EXERCISE INSTRUCTIONS
The pictures stay out; all of the data is to be printed exactly.

-------- PROVIDED MATERIAL

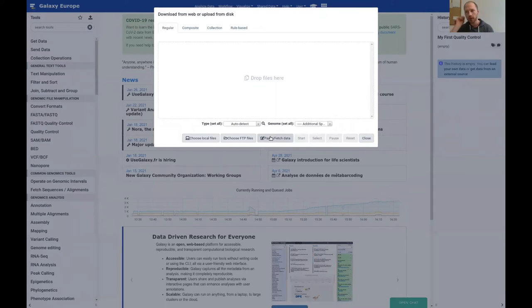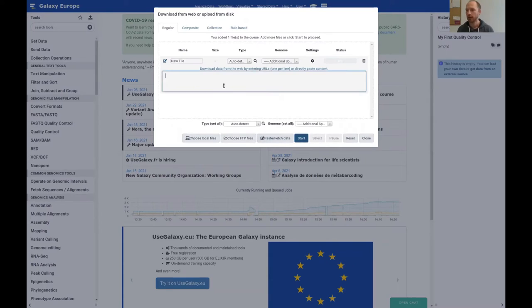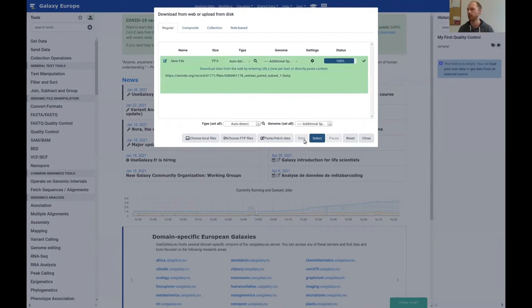Then go to Galaxy. On the left side you will find the 'download from URL or upload files' button. Click on it, then click 'paste and fetch data,' paste the link into the box, and click start.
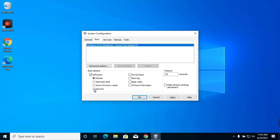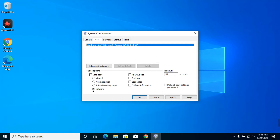Now move to the Boot option, click on Safe Boot mode, and select the Network option. If you do not select the Network option you will be unable to access Wi-Fi or Ethernet. After this, just restart your PC. I am again saying this option is only for if you have not formatted your computer. If you have already formatted your computer, you can skip this part. Always tick on Network.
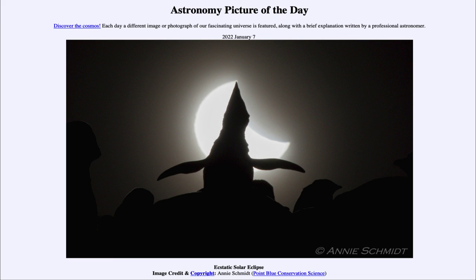So that was our Astronomy Picture of the Day for January 7th of 2022, titled Ecstatic Solar Eclipse. We'll be back again next time for the next picture preview — a forgotten constellation — so we'll see what that's about tomorrow. Until then, have a great day everyone, and I will see you in class.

----------------

PROBLEM SOLUTION
Then go to Galaxy. On the left side you will find the 'download from URL or upload files' button. Click on it, then click 'paste and fetch data,' paste the link into the box, and click start.
Now move to the Boot option, click on Safe Boot mode, and select the Network option. If you do not select the Network option you will be unable to access Wi-Fi or Ethernet. After this, just restart your PC. I am again saying this option is only for if you have not formatted your computer. If you have already formatted your computer, you can skip this part. Always tick on Network.
So that was our Astronomy Picture of the Day for January 7th of 2022, titled Ecstatic Solar Eclipse. We'll be back again next time for the next picture preview — a forgotten constellation — so we'll see what that's about tomorrow. Until then, have a great day everyone, and I will see you in class.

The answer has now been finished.